Tuesday, December 31, 2019

Happy New Year & 2019 Highlights


Happy New Year! С Новым Годом! I hope you’re enjoying the holidays, no matter where you might be, and I wish you lots and lots of good reading for 2020!

As in recent years, this year’s reading patterns continued one of my least favorite trends: I suspect I abandoned more books than I finished. On the positive side, though, (and also as usual) I found some that I thoroughly enjoyed and, as a bonus, I found more to like on the Big Book finalist list than in the last two or three years. Here are some reading highlights, which I’m going to keep relatively brief and cursory since I’m getting too hungry to type, let alone think!

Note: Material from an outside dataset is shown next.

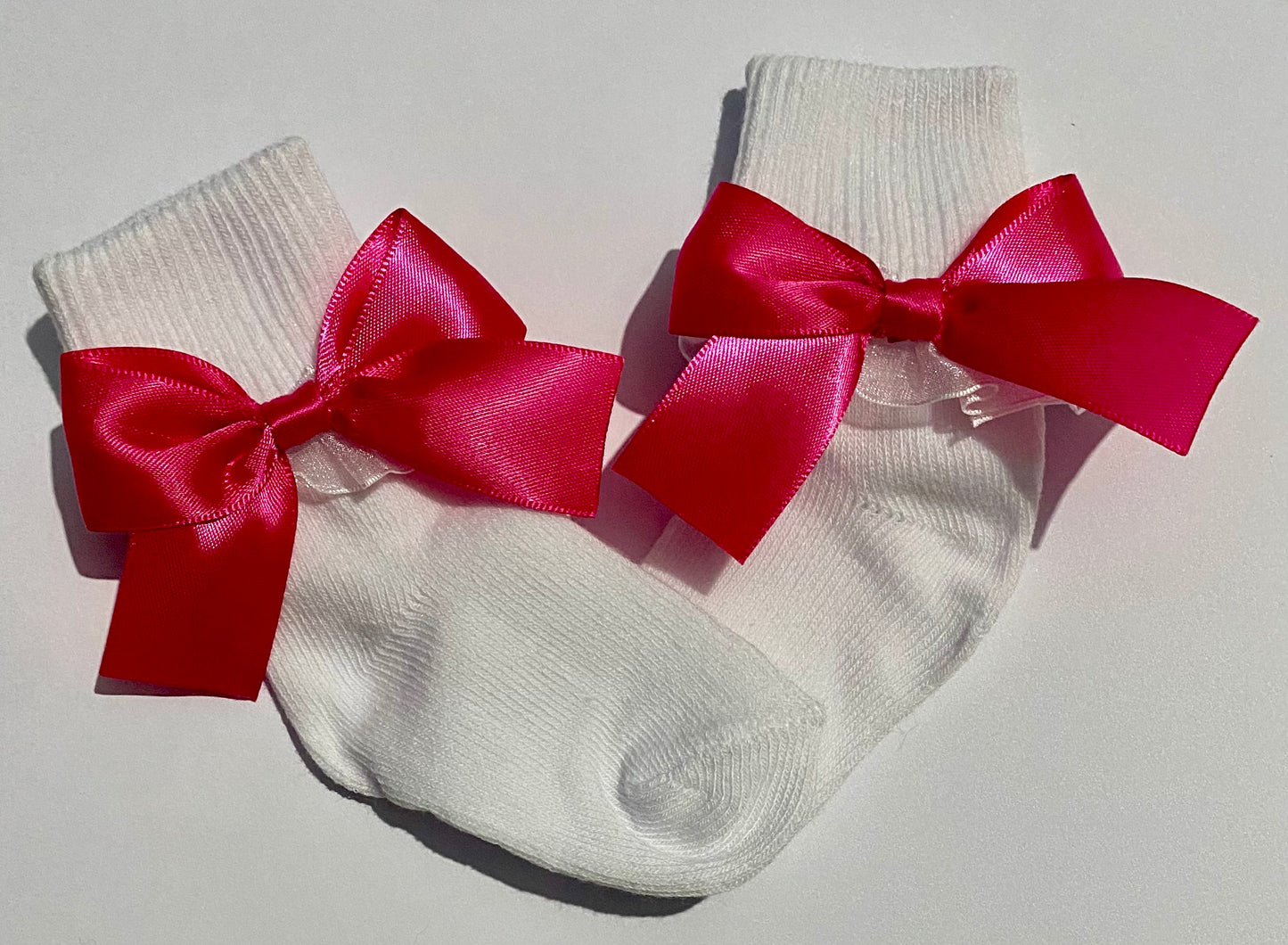 Bow socks - Hot pink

Most unexpected pleasures: Two of the books I most enjoyed reading during 2019 were biographies: Alisa Ganieva’s book about Lilya Brik, Её Лиличество Брик на фоне Люциферова века (Her Liliness, for short) and Венедикт Ерофеев: посторонний (Venedikt Erofeev: The Outsider), written by Oleg Lekmanov, Mikhail Sverdlov, and Ilya Simanovsky. I wrote about both these books two days ago. The authors’ accounts of Brik and Erofeev sucked me in from the start, both books kept me up at night, and both gave me further reading lists.

Favorite book by an author new to me: Alexander Pelevin’s Четверо (The Four) (previous post), a finalist for the National Bestseller Award, wove multiple plotlines and timelines into a wonderfully seamless novel that was apparently inspired by Twin Peaks. Between that and mentions of cats, I was all set.

Favorite book written by an author I’d read before: I thought Anna Kozlova’s F20 (previous post), which won the National Bestseller Award in 2017, was an intriguing depiction of teenage mental illness so was excited to give her Рюрик (Rurik) (previous post) a try, too. A book named for a parrot (and founder of the Rurik dynasty!) has to have something going for it, and Kozlova didn’t disappoint, with this up-to-the-minute account of a runaway teenager’s twisted roadtrip.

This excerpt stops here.